Playing games is a great way of spending unhurried time together. As an added bonus, board games are also rich in learning opportunities for both youngsters and adults. Games don’t need to be overtly academic to be educational, however, Just playing them teaches important social skills, such as communicating verbally, sharing, waiting, taking turns, and enjoying interaction with others. Board games can foster the ability to focus, and lengthen the attention span by encouraging the completion of an exciting, enjoyable game.
Kanokorn “Jan” Suwanakul, one of the patrons of Meeples and More, another board game cafe on central Bangkok’s Soi Ruamrudee, says she fell in love with board games because they are great stress relievers.
“They take your mind off other things, especially when you’re playing with a bunch of friends, because you get to think in groups, strategise and collaborate. You bond more too when you spend real time together. Talking face to face for a couple of hours is far more fulfilling than chatting online all afternoon.
“I still get strange looks when I tell people that I like playing board game in a cafe. They immediately assume I am talking about playing violent video games in an Internet cafe. It’s not until I show them pictures of the board games we play that they understand and they’re inevitably amazed that such places exist in Bangkok.”
Board games, if chosen properly, can greatly benefit young children and help them learn in a fun, social environment. They satisfy children’s competitive urges and the desire to master new skills and concepts, such as number and shape recognition, grouping, counting, letter recognition and reading, eye-hand coordination and manual dexterity. Most importantly, it brings everyone in the family closer together.
“I stumbled across Lanlalen Cafe while driving around with my wife,” says father-of-two Somchart, aka Yok.
“We just wanted coffee but decided to try one of the games to kill time. Our next thought was that that we had to bring our kids, or at least buy some of these games for home. It’s fun and engaging, and unlike computer games, you get to talk and interact with each other.

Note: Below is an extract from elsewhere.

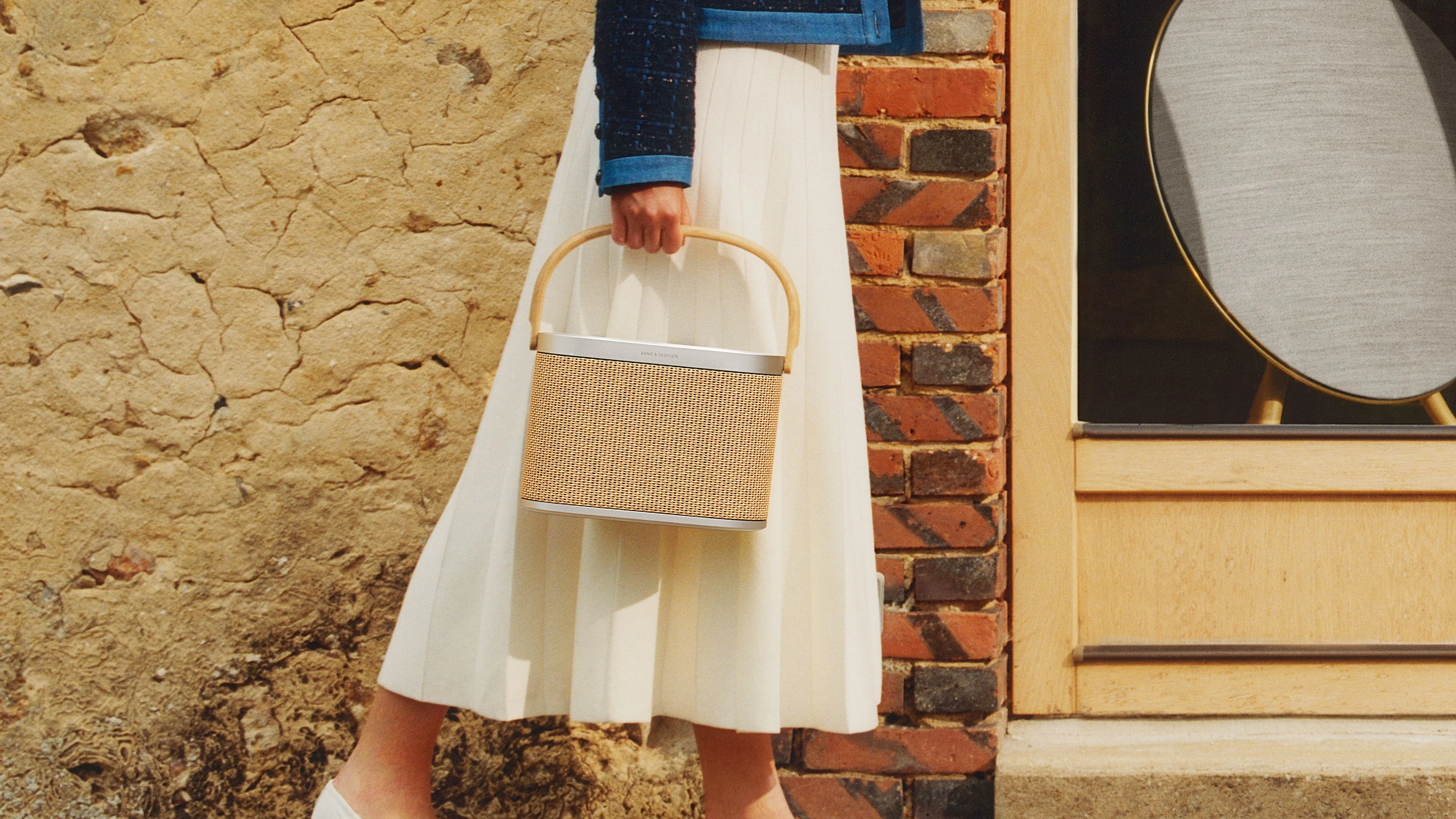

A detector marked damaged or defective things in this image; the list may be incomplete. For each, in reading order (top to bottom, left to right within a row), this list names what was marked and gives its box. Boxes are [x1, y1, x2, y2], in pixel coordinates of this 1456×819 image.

cracked plaster wall [0, 0, 704, 810]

“We haven’t had the chance to bring them to the cafe yet but we did buy a few board games from Ying to play at home. Now instead of watching TV or playing computer games, we gather round the table and play board games. Their grandparents also get to talk to them about social rules, fair play, how to be a good winner and loser as well as ethics and morals during the game and they don’t feel like we’re preaching or nagging. They are more open to listen, and inspired to come up with new ideas.”